11 October 2015

Books: Undermajordomo Minor by Patrick deWitt (2015)




One of the biggest things I miss about the closing of Borders was getting Advanced Reader Copy’s of writers books. Most that came were by new authors, but you could always count on an oldie but a goodie (such as Stephen King) from time to time. One book that came in 2011 during the last few months of the companies existence was The Sisters Brothers by Patrick deWitt. It was a darkly comic, Western-inspired story that takes place in Oregon and California in 1851. The narrator is Eli Sisters and his brother Charlie are assassins sent to kill Hermann Kermit Warm who is accused of stealing from the Sisters' fearsome boss, the Commodore. Was it the Sisters fault that the man turned out to be sort of likable?

While the novel, with it’s short chapters and and sparse narrative, sometimes seemed indicate deWitt was penning a screenplay, the book was wonderfully odd. And then, by accident, after reading this book, a remainder version of his first book, Ablutions, came into the store. Of course, as things happen, I’ve yet to pick up the slim book. It’s somewhere here, but at this writing I’m not so sure where it is. Life of a bibliphile.

Anyways, while in Portland working on Something Like Summer, I was surfing through Powell’s and saw that deWitt’s newest book, Undermajordomo Minor, got released. So I scored a copy at the library when I got back. 

And while it’s clear that The Sisters Brothers was a Western (well, western themed, because it really wasn’t about cowboys), Undermajordomo Minor is sort of hard to categorize into a genre. It could be a literary fantasy book, but I don’t think it is. It has tinges of English gothic to it, as well. It may, for me who needs to categorize things, really fairy tale or fable. Well, a fable without a moral. It is certainly a love story and an adventure story but it’s also an ink-black comedy of manners.

“Lucien (Lucy) Minor is the resident odd duck in the bucolic hamlet of Bury.
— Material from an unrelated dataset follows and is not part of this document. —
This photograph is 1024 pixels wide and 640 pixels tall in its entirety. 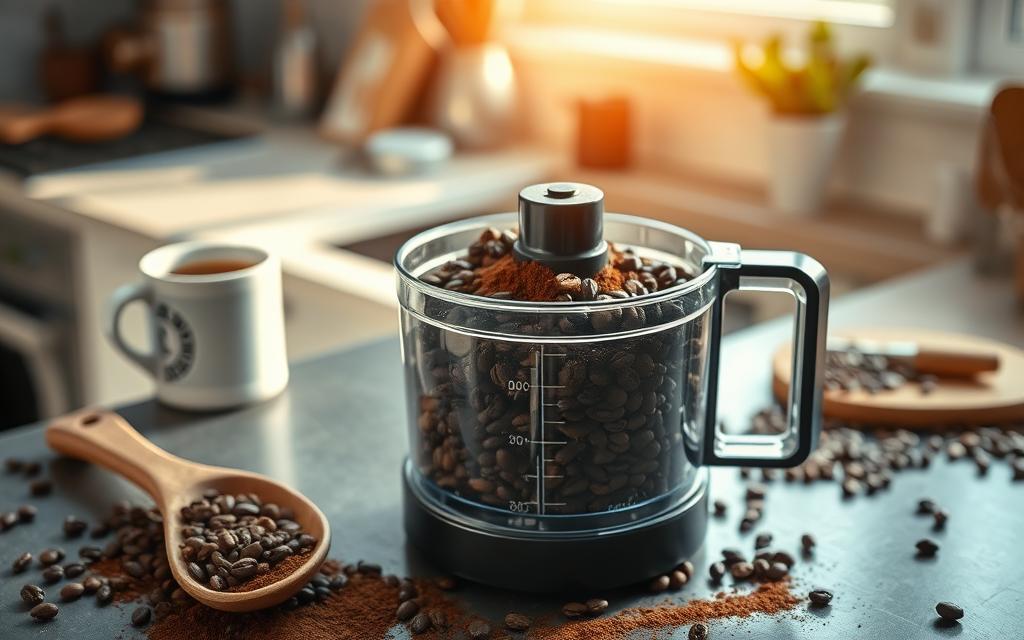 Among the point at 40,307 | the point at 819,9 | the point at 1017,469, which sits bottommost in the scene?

Friendless and loveless, young and aimless, Lucy is a compulsive liar, a sickly weakling in a town famous for producing brutish giants. Then Lucy accepts employment assisting the Majordomo of the remote, foreboding Castle Von Aux. While tending to his new post as Undermajordomo, Lucy soon discovers the place harbors many dark secrets, not least of which is the whereabouts of the castle’s master, Baron Von Aux? He also encounters the colorful people of the local village—thieves, madmen, aristocrats, and Klara, a delicate beauty whose love he must compete for with the exceptionally handsome soldier, Adolphus. Thus begins a tale of polite theft, bitter heartbreak, domestic mystery, and cold-blooded murder in which every aspect of human behavior is laid bare for our hero to observe.”
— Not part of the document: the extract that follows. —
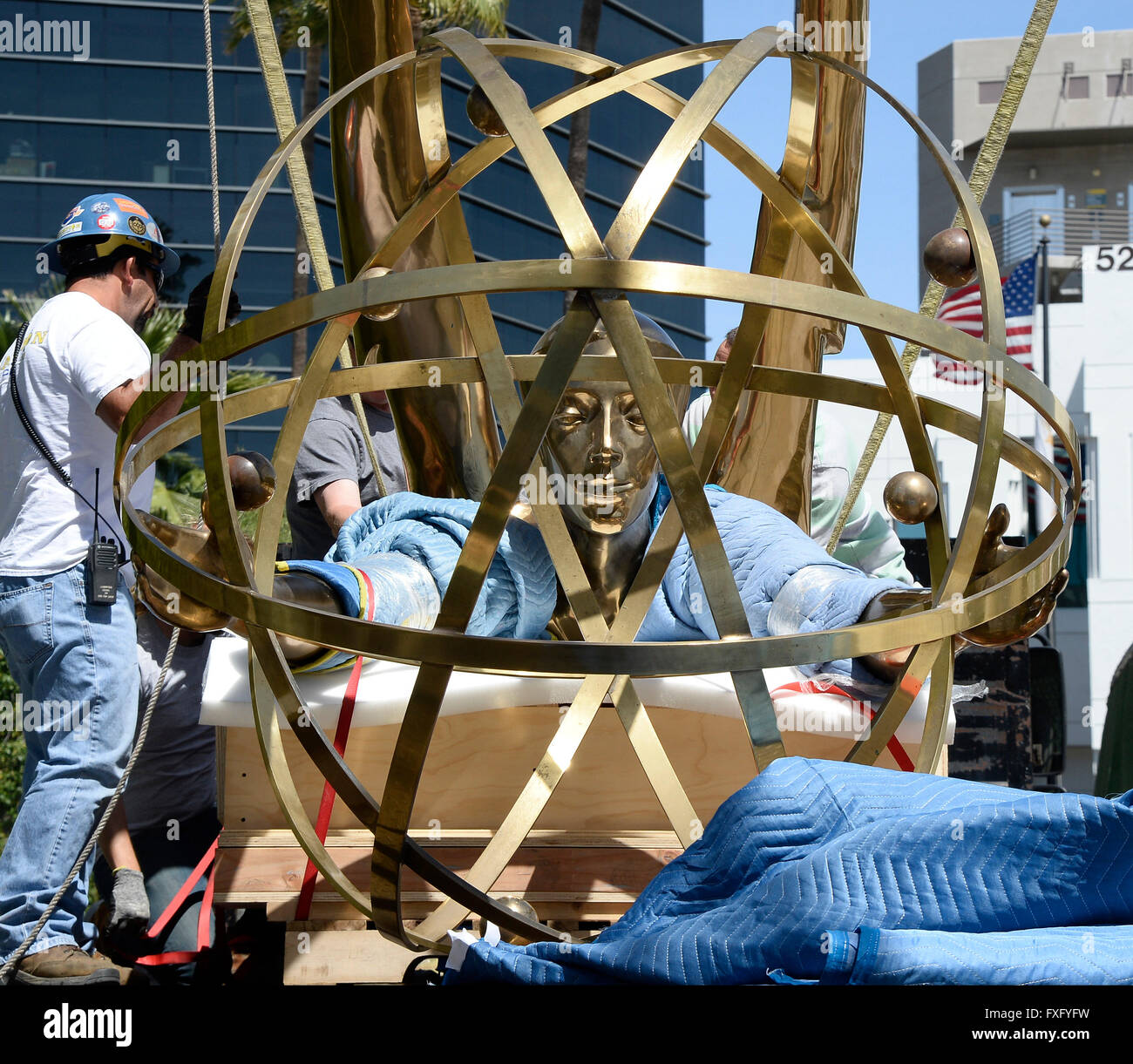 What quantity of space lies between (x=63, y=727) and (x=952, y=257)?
1726 millimetres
Once again, deWitt employs short chapters that remind me of what screenplay looks like. But while I don’t find that jarring –it actually propels the story- it may put people off a bit, especially those more literary readers. The prose, which may seem light, is filled with many weighty issues. Much like science fiction writer Joe Haldeman, deWitt is able to give a lot of meaning in short passages. The humor, dark and often laugh out loud, is brilliantly rendered here. Sometimes I often felt I was watching an old BBC costume drama, mixed with Hammer Films spooky castles. The book does take a weird left turn towards the end, but it’s not out of place in the atmosphere deWitt was trying to create. 

But I miss those ARC's because without them, I would have never discovered Patrick deWitt. Now where is that copy of Ablutions?